Chicken wings are one of my top five favorite foods. I eat them whenever I can and must say that nothing I have tried comes even close to the Totonka sauce/wings at the Wing Coop on Wasatch blvd.

I made some tonight that weren't half bad though, heres the recipe.

-8 wings, sectioned into drums and wings (16 pieces).
-1 cup flour
-Salt and pepper
-1 Tbs Tony Cacheres (any creole seasoning will work)

Sauce
-1/4 cup Lousiana Hot sauce (Pretty mild, another 1/8 cup for medium)
-1 cup butter
-1 tsp Garlic Powder
-1 Tbs Brown Sugar

Combine flour, salt and pepper, and creole seasoning in a large bowl.

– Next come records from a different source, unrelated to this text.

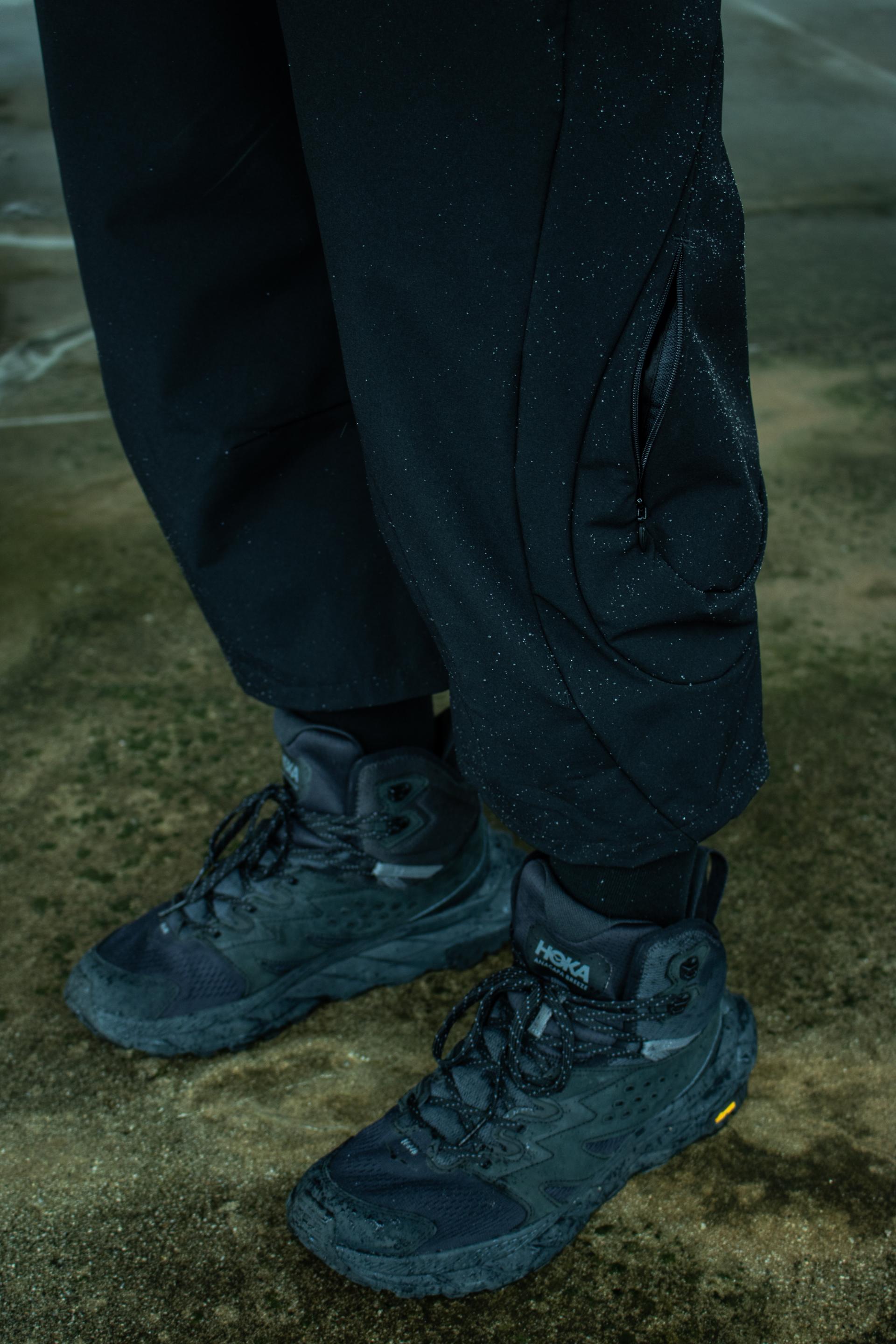 Panel Pod Capri Pants - Black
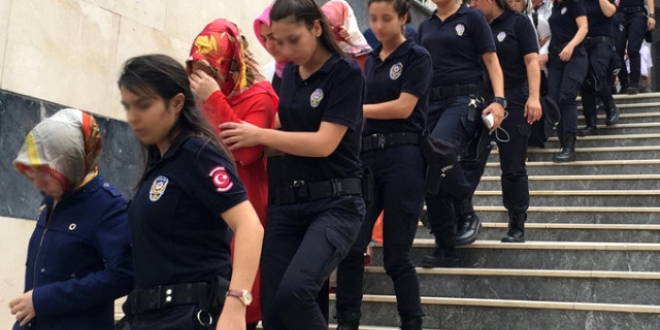 Eski polis eşlerine ByLock gözaltısı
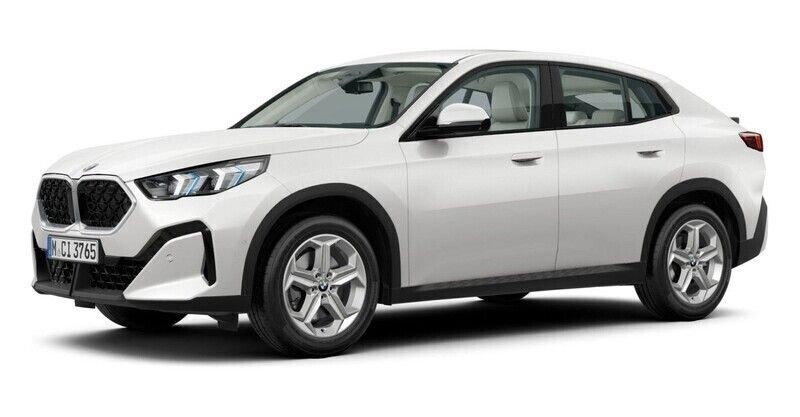 Weiß Gebraucht 2024 BMW X2 Comfort Edition SUV | 41.376 € (Guter Preis) - Bild 1/4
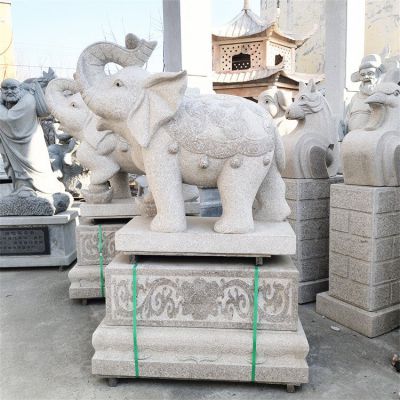 花崗巖石雕大象，卷鼻向上的大象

Toss the wings with the flour mixture until well coated. VERY IMPORTANT refrigerate wings in a covered bowl for AT LEAST 60 minutes. This will help make the skin crispy. 

In a sauce pan melt the butter, add the hot sauce, garlic powder and the brown sugar. Keep on low.

After an hour, heat peanut oil in a large pan until it reaches 375* Fry the wings 10-12 minutes or until brown. 

Toss in a bowl with sauce and serve. Not too shabby, even if I do say so myself.


----------



## idiot with a bow (Sep 10, 2007)

Wing coop is the best place on the planet. I either want to die there or on the summit of Everest. I love the Habenero wings they have as well. Nice work Nor-Tah and god bless the wing coop...


----------



## BERG (Dec 4, 2007)

Nor-tah, 

Will you please invite us over for some wings?  Reading that made me hungry, and idiot has been going without food for weeks. He lost all of his money in our fantasy football league. So, please take pity on two poor souls who need some help. I will bring the beverages...Tree and fatbass want to come too.


----------



## Nor-tah (Dec 16, 2007)

Haha The next time we have a get together i'll bring the fryer and a couple dozen wings!! My apt is a little small for a get together and the wife might kick me out!!


----------



## BERG (Dec 4, 2007)

Nor-tah said:


> Haha The next time we have a get together i'll bring the fryer and a couple dozen wings!! My apt is a little small for a get together and the wife might kick me out!!


How about you bring the fryer, and I'll bring about 20 dozen wings. A couple dozen? You silly man...idiot can eat a couple dozen in just a few seconds. He's like a shop-vac in that regard.


----------



## Nor-tah (Dec 16, 2007)

Thats a deal right there.


----------